From 2008 to 2013,  Dr. Andreas Marks was the Director and Chief Curator of the Clark Center for Japanese Art and Culture in California. He has a Ph.D. from Leiden University in the Netherlands and a master’s degree in East Asian Art History from the University of Bonn. A specialist of Japanese woodblock prints, he is the author of 14 books. His Publishers of Japanese Prints: A Compendium is the first comprehensive reference work in any language on Japanese print publishers. In 2014 he received an award from the International Ukiyo-e Society in Japan for his research.


April

Friday, April 13, 5:30 p.m.

The Metropolitan Museum of Art
1000 Fifth Ave.
New York, NY
(Meet at the Tour Group Desk at the Main Entrance)

The Poetry of Nature: Edo Paintings from the Fishbein-Bender Collection

John Carpenter, The Metropolitan Museum of Art’s Mary Griggs Burke Curator of Japanese Art, will be leading a JASA tour of the new exhibition, The Poetry of Nature: Edo Paintings from the Fishbein-Bender Collection. This exhibition highlights the outstanding collection of Edo-period paintings of various schools built by collectors Estelle P. Bender and her late husband, T. Richard Fishbein.
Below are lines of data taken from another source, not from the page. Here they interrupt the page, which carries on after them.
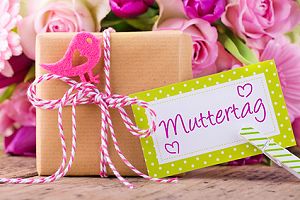 Geschenke und Blumen zum Muttertag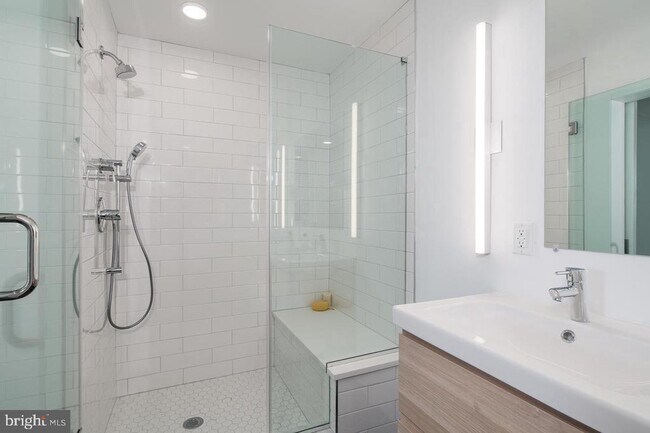 Building Photo - 1501 N 31st St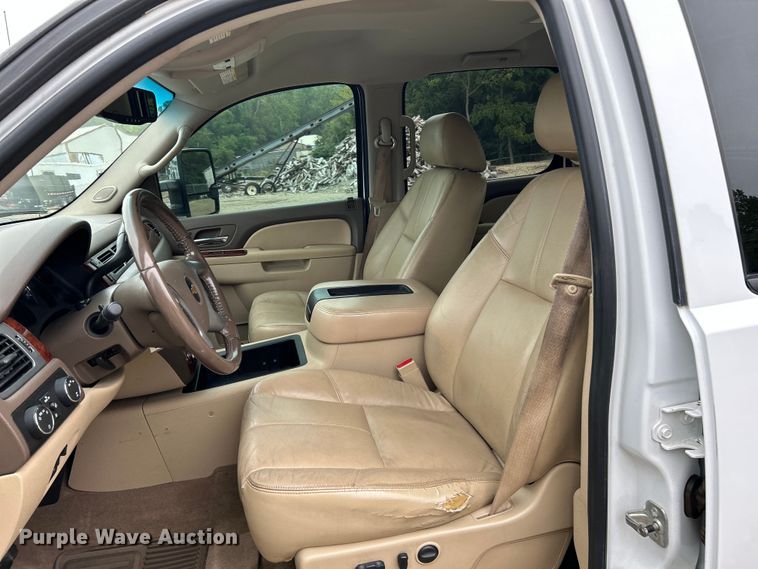 image for item NL9550 2011 Chevrolet Silverado 2500HD  Crew Cab pickup truck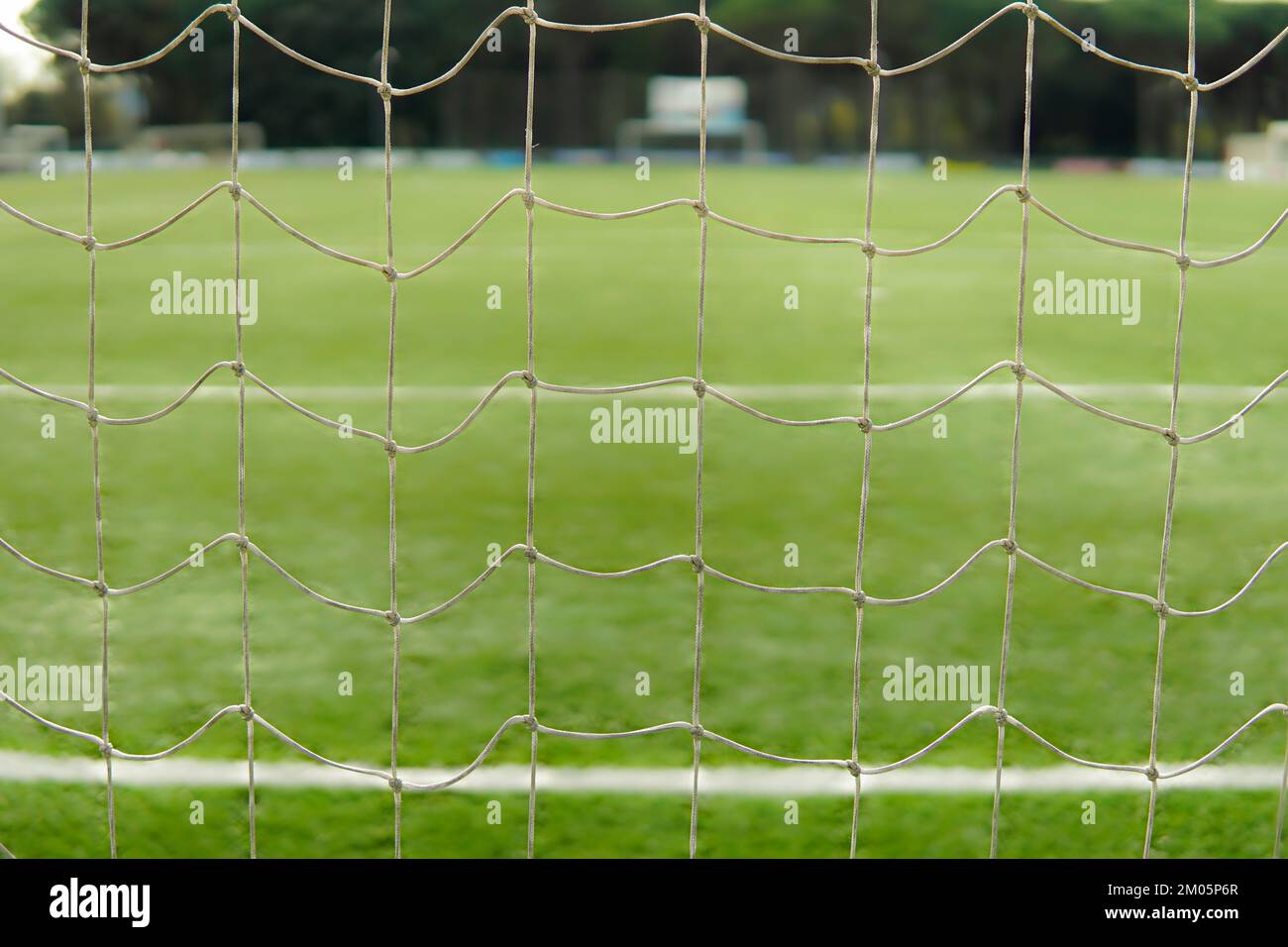Gros plan sur le filet d'un objectif de football vide. Stade de football à travers le but Banque D'Images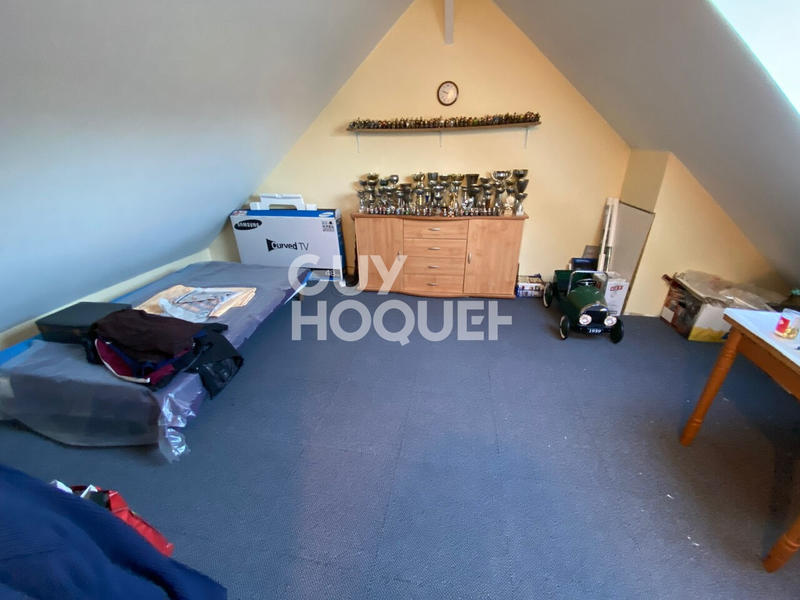 Maison - 140 m² - 8 pièces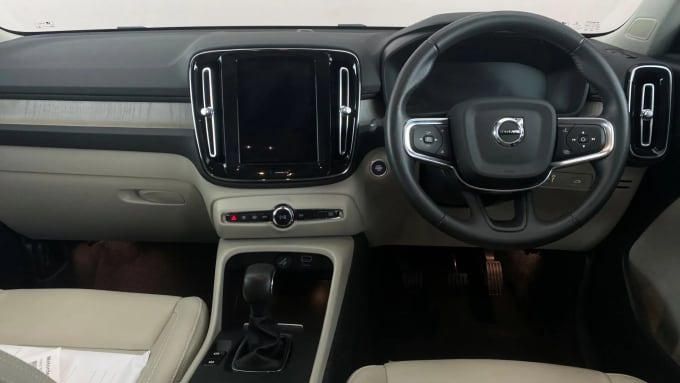 2021 Volvo Xc40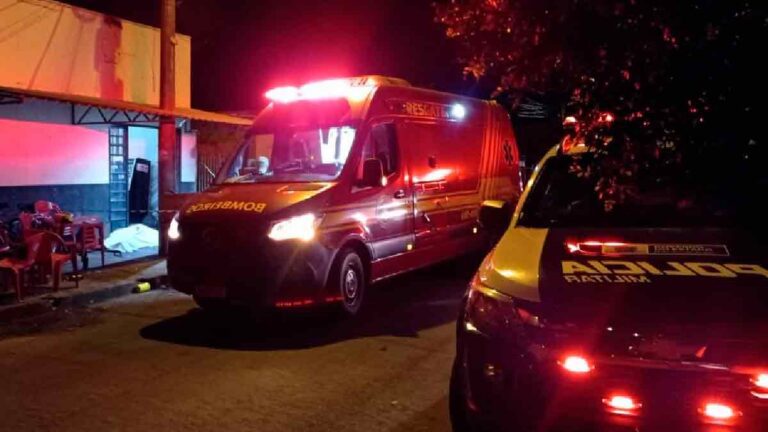 Pai e filho matam idoso a facadas e deixa dono de bar em estado grave no interior de MS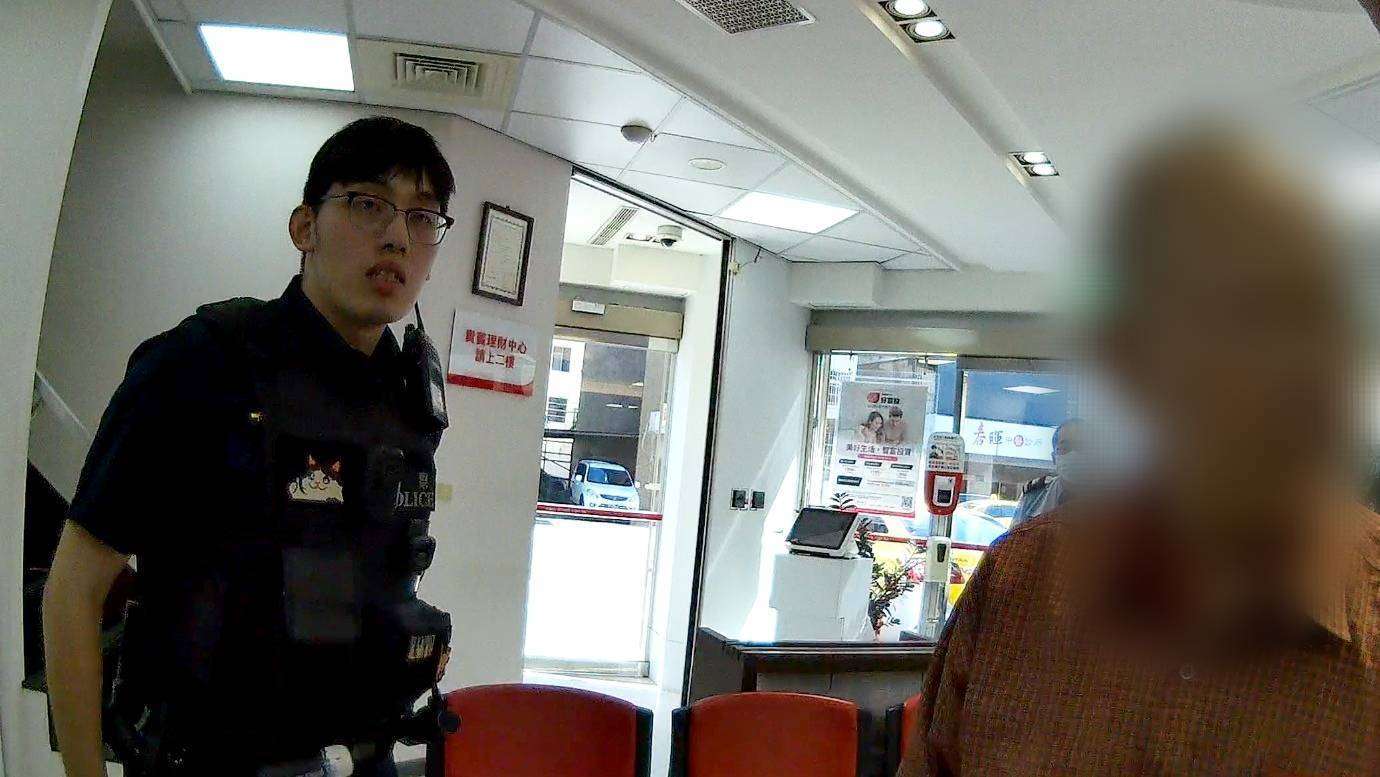 他要匯款20萬買黃金 八德警苦勸打消念頭 693767 0
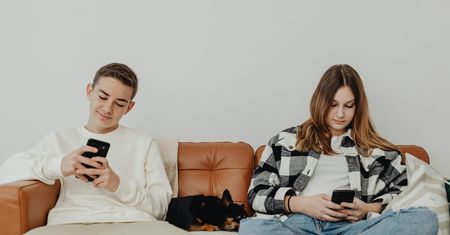 Zakaz social mediów dla nastolatków. Ekspert: "Zmiana jest konieczna"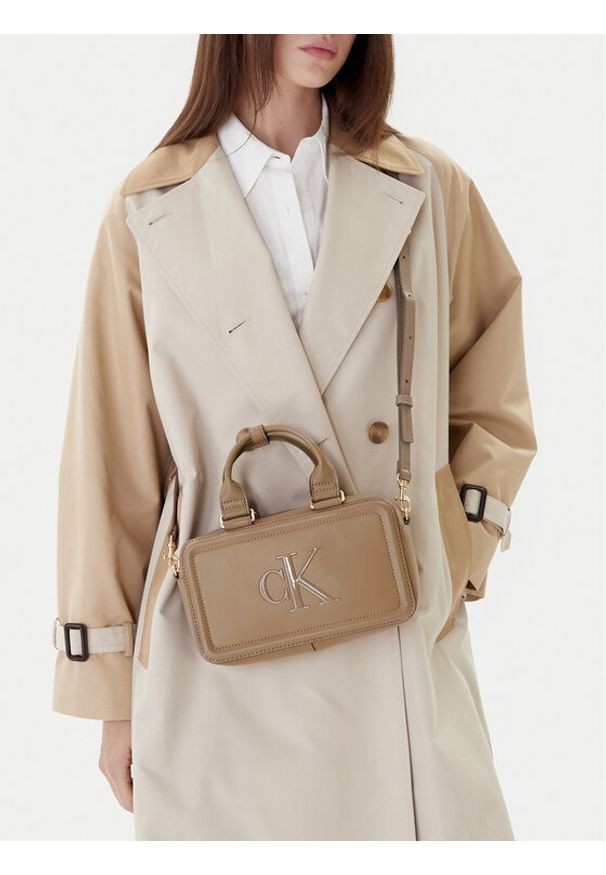 Calvin Klein Torebka Bold Ck Elongated Mini Tote LV04F3411G Beżowy. Kolor: beżowy. Materiał: skórzane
To add a modern twist, contemporary Japanese ceramics from their collection will be juxtaposed with the paintings, while works in various formats and media from The Met collection will provide further context. The celebration of the natural world will serve as a unifying theme, and the intertwined relationship between poetry and the pictorial arts—so fundamental to Japanese tradition—will be a particular focus of the exhibition


May

Thursday,  May 3, 2 p.m.

The Brooklyn Museum
200 Eastern Pkwy
Brooklyn, NY
(Meet at the Information Desk at the Main Entrance)

The Brooklyn Museum: Behind the Scenes

The Brooklyn Museum houses an important collection of Japanese art that has been largely hidden as the museum works to re-open the Arts of Japan gallery. Select holdings were displayed at the Japan Society in the 2014 exhibition Points of Departure: Treasures of Japan from the Brooklyn Museum, but there are many other wonderful pieces that were not in the show. Please join us as Joan Cummins, Lisa and Bernard Selz Senior Curator of Asian Art, brings out a selection of folding screens, paintings and objects from the storerooms for an intimate viewing. In honor of the museum’s exhibition “Infinite Blue,” Joan will also pull Brooklyn’s aizuri-e prints, including some wonderful rarities. Participants might want to make a day of it, visiting the Brooklyn Botanic Garden next door and seeing the new Arts of Korea installation at the Museum, as well as the David Bowie show (advance ticket purchase is strongly recommended for the Bowie show).


June

Thursday, June 28 –Friday, June 29

Carnegie Museum of Art
4400 Forbes Ave.
Pittsburgh, PA
(Members will meet at the museum at 2 p.m.)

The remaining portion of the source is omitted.